Even careful planning will not always prevent a divorce from coming to pass, however, especially in the event one spouse dies after the completion of an asset division. Death after a divorce can become particularly complicated if there are children involved, as the death of one parent or spouse can mean that a second spouse is disinherited, and the children receive a windfall.
Updating Property Division Agreements
Property division agreements are not set in stone, especially when it comes to changes in financial or life circumstances. Some of the more common conditions under which a property division agreement should be adjusted may include the following:
Child support increase.
Child support decrease.
Child custody modification.
Spousal support increase.
Spousal support decrease.
Health care/medical expenses increases.
Health care/medical expenses decreases.
Sometimes the events prompting a divorce agreement modification are fairly straightforward, such as when one of the dependants goes away to school or turns 18 years of age.
In addition to more obvious situations, however, events such as job loss, promotion , or serious medical issue may necessitate an amendment to the property division agreement.
In some cases, the parties may simply be in accord with the necessity for a revision.

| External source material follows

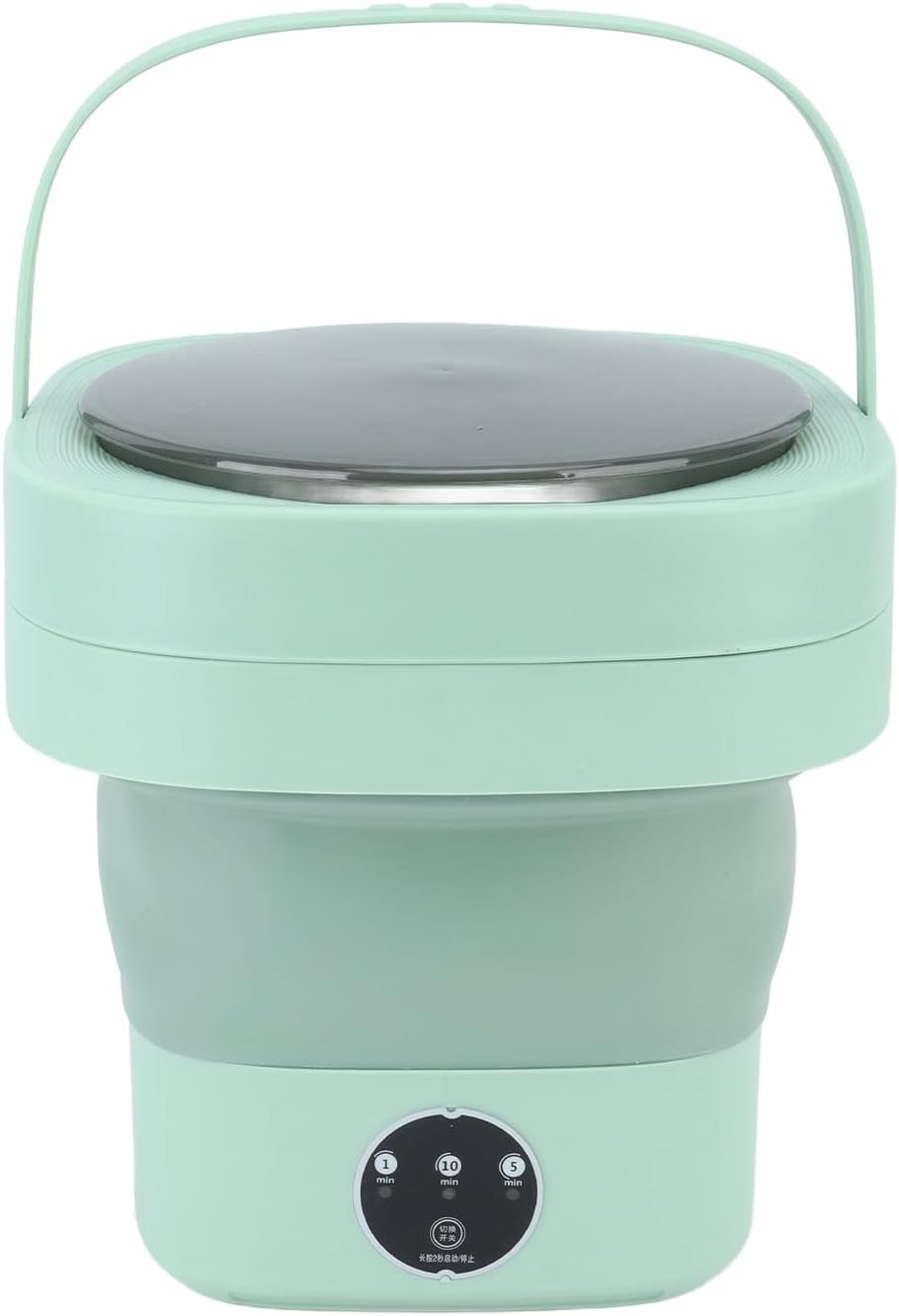 Asixxsix Portable Washing Machine, 6.5L Mini Portable Bucket Washer Foldable Washing Machine with Soft Spin Dry and Drainage Pipe Small Portable Washer for Apartment RV Travel Underwear (Green)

In other situations, advice from a qualified family law attorney may become necessary to convince the judge of the need for a modification.
With relatively minor amendments to property division agreements, the process is relatively simple. The parties file the document with the court, and the court reviews it. However, when the need to modify is due to a change in child support or spousal support, the process becomes a bit more involved.
As with any legal proceeding, it is best to consult an experienced family law attorney with any of your family law or divorce matters.